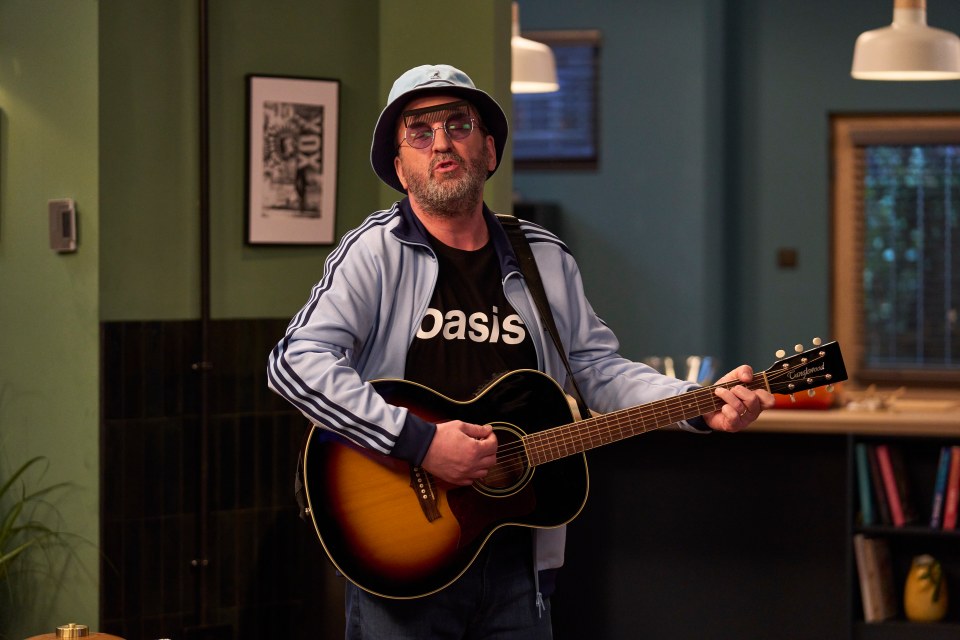 Man playing acoustic guitar.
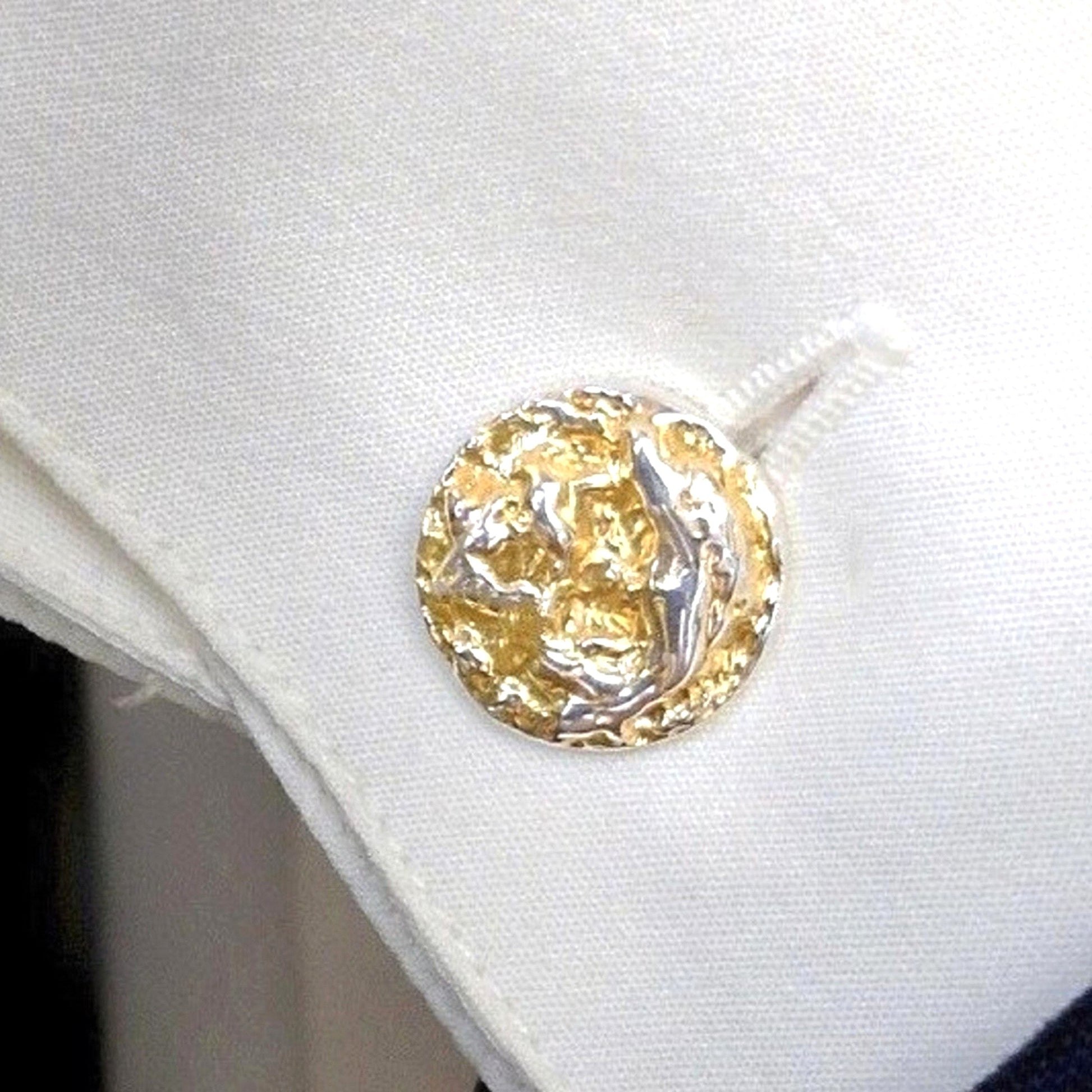 Una toma de primer plano que captura un solo gemelo circular con una cara de oro y plata texturizada a martillo. El gemelo está insertado de forma segura en el ojal de un puño de camisa de tela blanca nítida, que está perfectamente doblada.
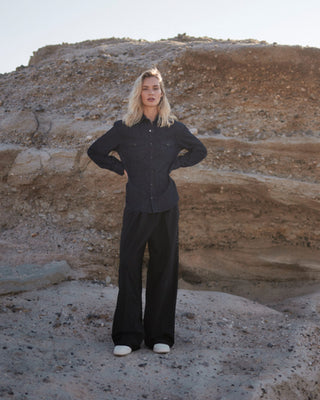 Model trägt ein dunkles, weiches Oversized Denimhemd aus Bio-Baumwolle vor einer hellen Felslandschaft.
______
◆ Requirement:
Return every line above verbatim, pictures excluded.

◆ Result below:
 Man playing acoustic guitar.
 Una toma de primer plano que captura un solo gemelo circular con una cara de oro y plata texturizada a martillo. El gemelo está insertado de forma segura en el ojal de un puño de camisa de tela blanca nítida, que está perfectamente doblada.
 Model trägt ein dunkles, weiches Oversized Denimhemd aus Bio-Baumwolle vor einer hellen Felslandschaft.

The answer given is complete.